Oleh Mochammad IH
Setiap pagi, selalu hari
Hidup seperti tak melangkah
Lalu apa ada pilihan lain?
Hanya mencari air untuk berkebun
Jarak layaknya kembali purba
Ironi pada abad dua puluh
Lalu apa ada pilihan?
Terjebak di dataran ini
Penuh tandus dan takdir
Lalu siapa yang mau peduli?
Lebih baik hidup di tengah kaum urban
25/02/2015/23.06pm
Selama setahun ini karena socalled “tugas pendidikan”, saya menghabiskan banyak waktu di sebuah desa bernama Puri Semanding, Plandaan, Jombang. Yah, meskipun hidup berdampingan dengan masyarakat pribumi di sana, namun faktanya hanya beberapa orang pribumi yang berkomunikasi dengan saya dan teman-teman.

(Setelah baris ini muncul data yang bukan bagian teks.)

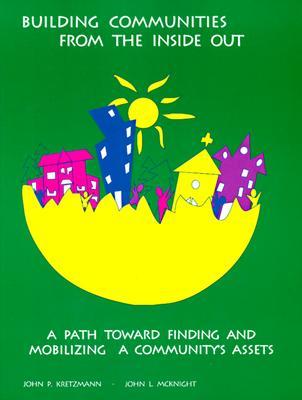 Building Communities from the Inside Out: A Path Toward Finding and Mobilizing a Community's Assets (Paperback)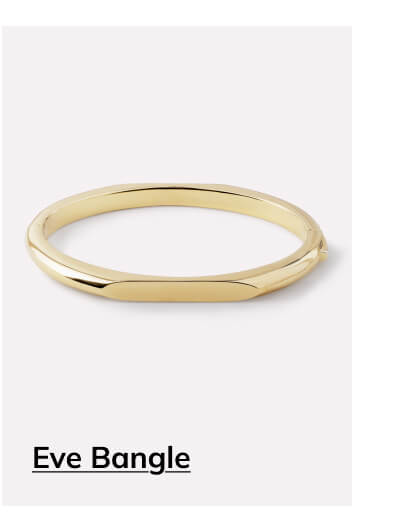 Eve Bangle Eve Bangle
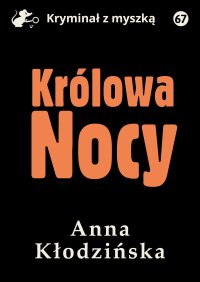 Królowa Nocy - Anna Kłodzińska - ebook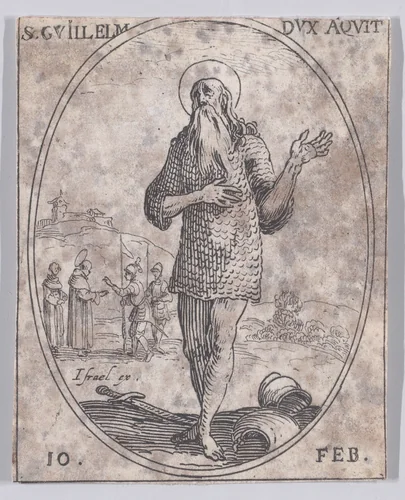 S. Guillaume, Duc d'Aquitaine (St. William, Duke of Aquitaine), February 10th, from "Les Images De Tous Les Saincts et Saintes de L'Année" (Images of All of the Saints and Religious Events of the Year) by Jacques Callot, print, 1636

Desa ini termasuk dataran tinggi, namun tandus. Sumber-sumber air, sungai-sungai ada, namun hanya sekeliling situ saja, tak merata. Sebagian besar area desa ini adalah pertanian, umumnya adalah padi. Namun jalan yang saya lewati setiap hari, saya menemukan bahwa mereka tidak menanam padi, tapi menanam palawija (yang cocok dengan tanah tandus). Sedangka tanaman padi banyak ditemukan di lahan-lahan yang dekat dengan sumber air. Lalu dimana mereka-yang-menanam-palawija mendapat air? Mirisnya mereka menimba air di sumber air atau sumur terdekat, yang kadang lumayan jauh dari lahan mereka. Mereka jelas tidak bisa menimba air dengan banyak, jadi harus bolak-balik menimba air seharian hingga lahannya bisa tercukupi dengan air. Namun setelah panen, apakah hasilnya sepadan dengan usaha mereka? Melihat rata-rata penduduk desa masih berada di garis kemiskinan, sepertinya tidak.

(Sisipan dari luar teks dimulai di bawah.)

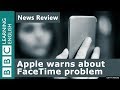 Apple warns about FaceTime problem: BBC News Review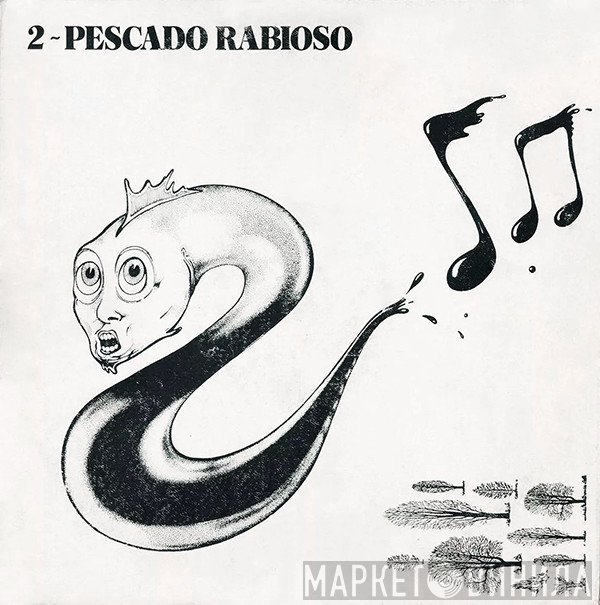 Pescado Rabioso  - Pescado 2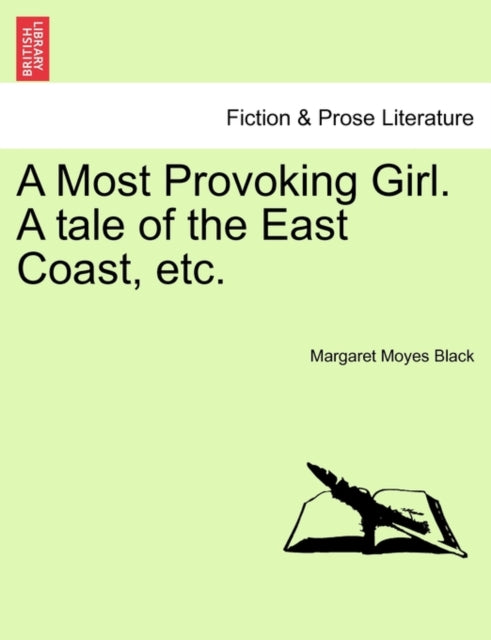 A Most Provoking Girl A tale of the East Coast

Hal yang sama juga saya temui di sebuah dusun di Wonosalam, saya lupa namanya. Sekilas melihat tanah mereka ditumbuhi dengan palawija, sepertinya mereka senasib dengan di Puri. Namun ini perlu studi lebih lanjut karena belakangan saya mendengar bahwa hasil utama yang membangun perekonomian Wonosalam adalah hasil perkebunan dan pariwisata, apalagi tiap tahun Pemda membuat agenda rutin bertajuk KenDuren, pesta panen buah Durian.
Dataran tinggi memang bebas banjir, namun selepas hujan, air tidak berhenti karena mereka mengalir ke dataran yang lebih rendah. Harusnya di tahun 2015 ini ada teknologi yang membuat mereka tidak kesulitan memperoleh air di dataran tinggi.

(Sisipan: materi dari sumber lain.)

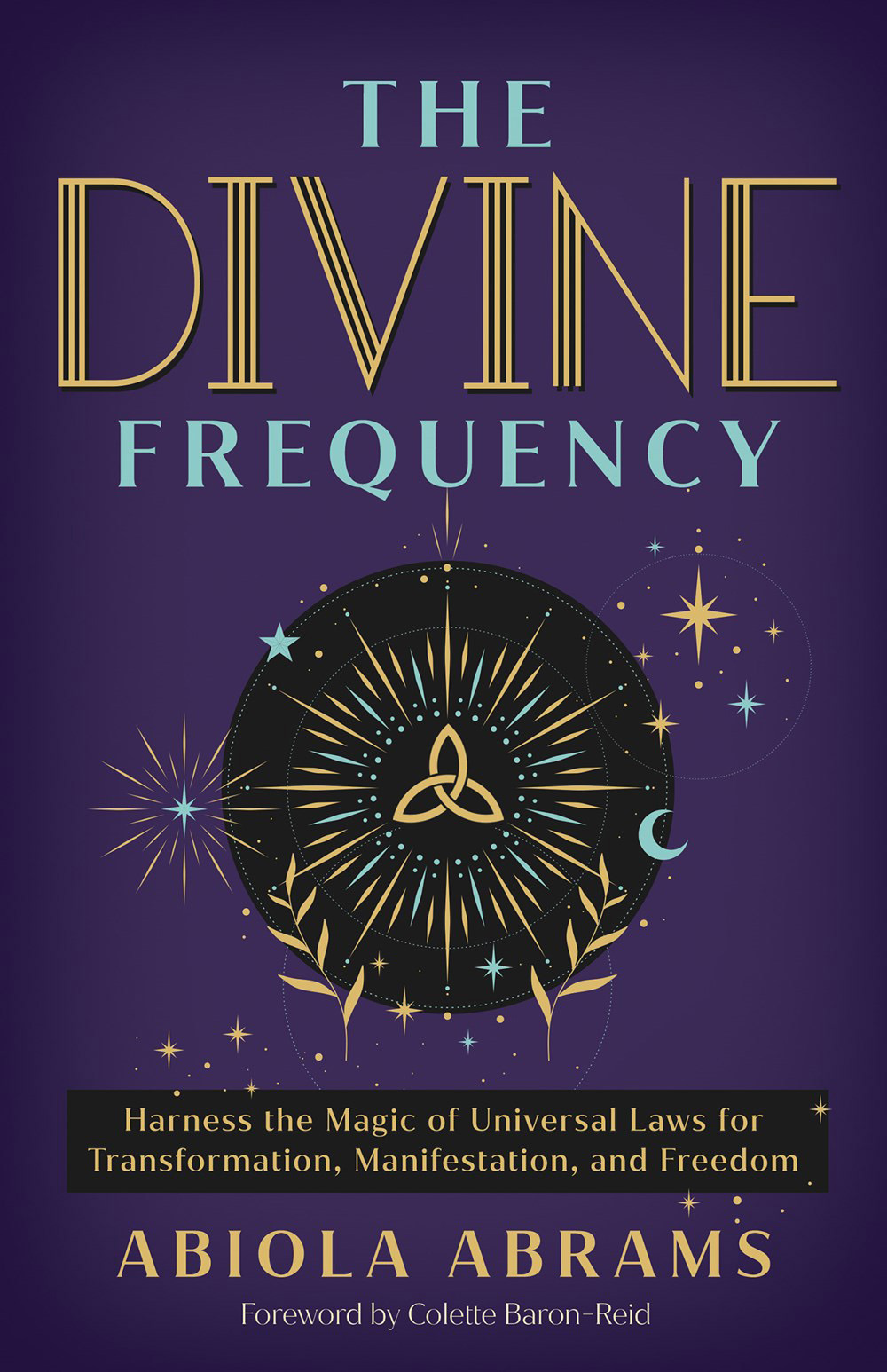 The  Divine Frequency: Harness  Magic of Universal Laws for Transformation, Manifestation, and Freedom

Sebagai alternatif lapangan pekerjaan sebenernya ada dua pabrik di daerah Jombang bagian utara. Yaitu di Ploso dan Kabuh. Namun saya mendapati pabrik tak dibangun di Plandaan, mungkin belum, saya tak tahu.
Kembali lagi ke bahasan awal, jadi apa yang bisa kita lakukan? Harapan saya, ada insinyur-insinyur yang terjun ke desa dengan rasa penderitaan yang sama dengan membuat program mandiri bersama masyarakat untuk mengatasi masalah ini.
Ketika isu kampus sebagai pabrik tenaga kerja kerah putih berhembus, saya yang tidak menempuh pendidikan formal pun kaget. Setelah kaget, lalu bertanya: kalo memang kampus sebagai pabrik tenaga kerah putih, bukan idealnya sebuah kampus lalu kampus yang ideal harusnya menghasilkan apa? Menurut saya idealnya, kampus menghasilkan kaum intelektual yang membereskan masalah-masalah seperti ini dengan proyek berbayar maupun proyek mandiri. Dan tentunya sesuai kapasitas masing-masing. Karena kaum intelektual muda adalah harapan bangsa, siapa lagi kalo bukan anak-anak muda intelektual ini yang membangun bangsanya sendiri? Bukan menjadi kelas menengah dengan gengsi setengah mati, termakan gaya hidup hedonis.